The objectives for today's lecture are number
one to review the epidemiology and current understanding of disease pathogenesis in GCA.
Number two to discuss the common symptoms and signs that should lead one to
consider this diagnosis as well as the appropriate workup to be undertaken.
And number three to review the approach to
treatment and latest data on disease prognosis.
Beginning first with epidemiology,
Giant cell arteristis is a primary systemic large vessel
vasculitis characterized by granulomatous inflammation at the blood vessel walls.
Classically, it targets the temporal arteries,
thoracic aorta and major branch vessels.
However, it bears keeping in mind that any medium to large vessel may be affected.
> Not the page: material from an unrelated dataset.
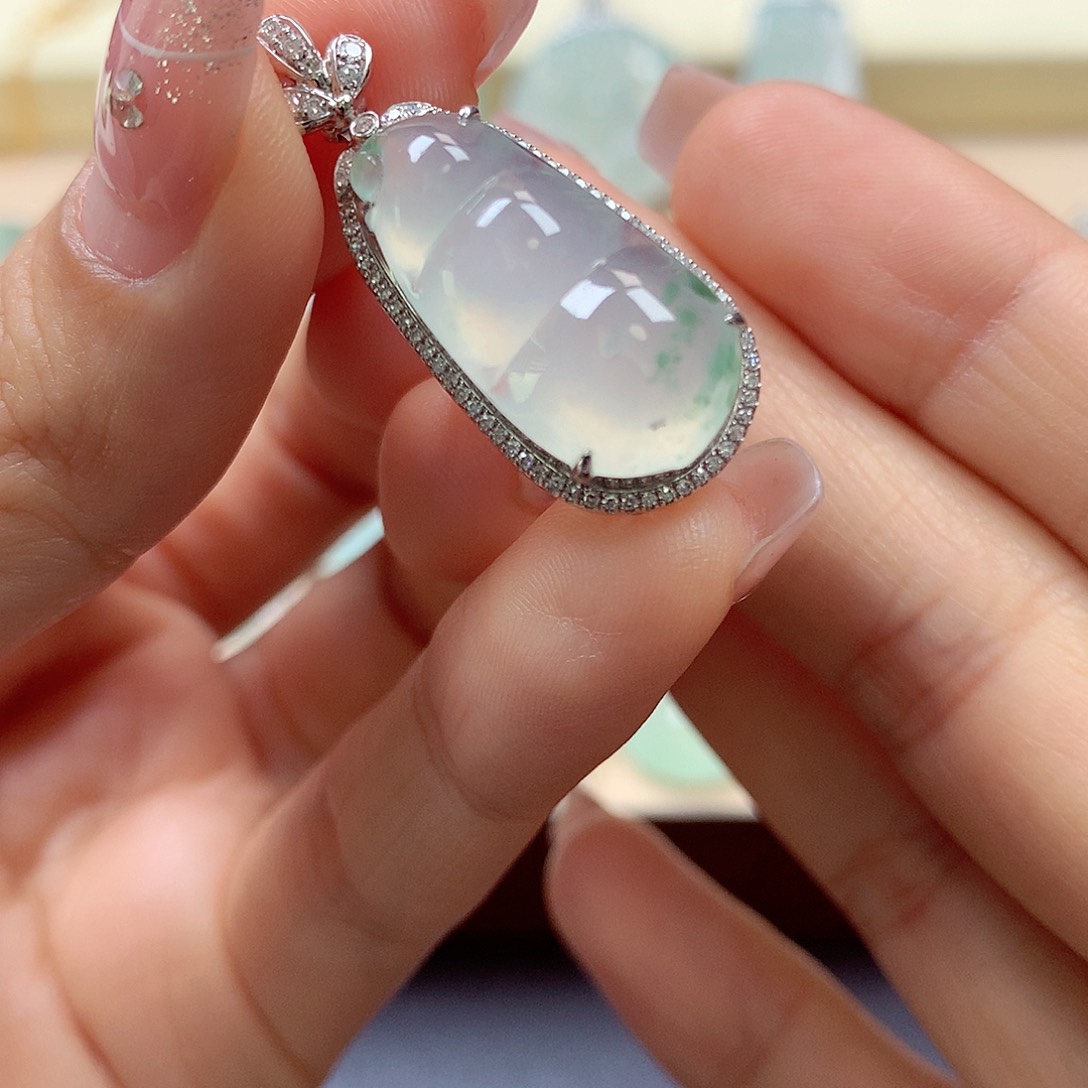 翡翠颈饰18K金镶嵌H**?翡翠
By definition, giant cell arteristis is a disease affecting persons over
the age of 50 and it is about three times more common in women than men.
The incidence of disease appears to increase
steadily with increasing age with peak onset in
the eighth decade of life and a mean age at diagnosis of 76.6 years.
The incidence of GCA appears to vary significantly based on geography and ethnicity.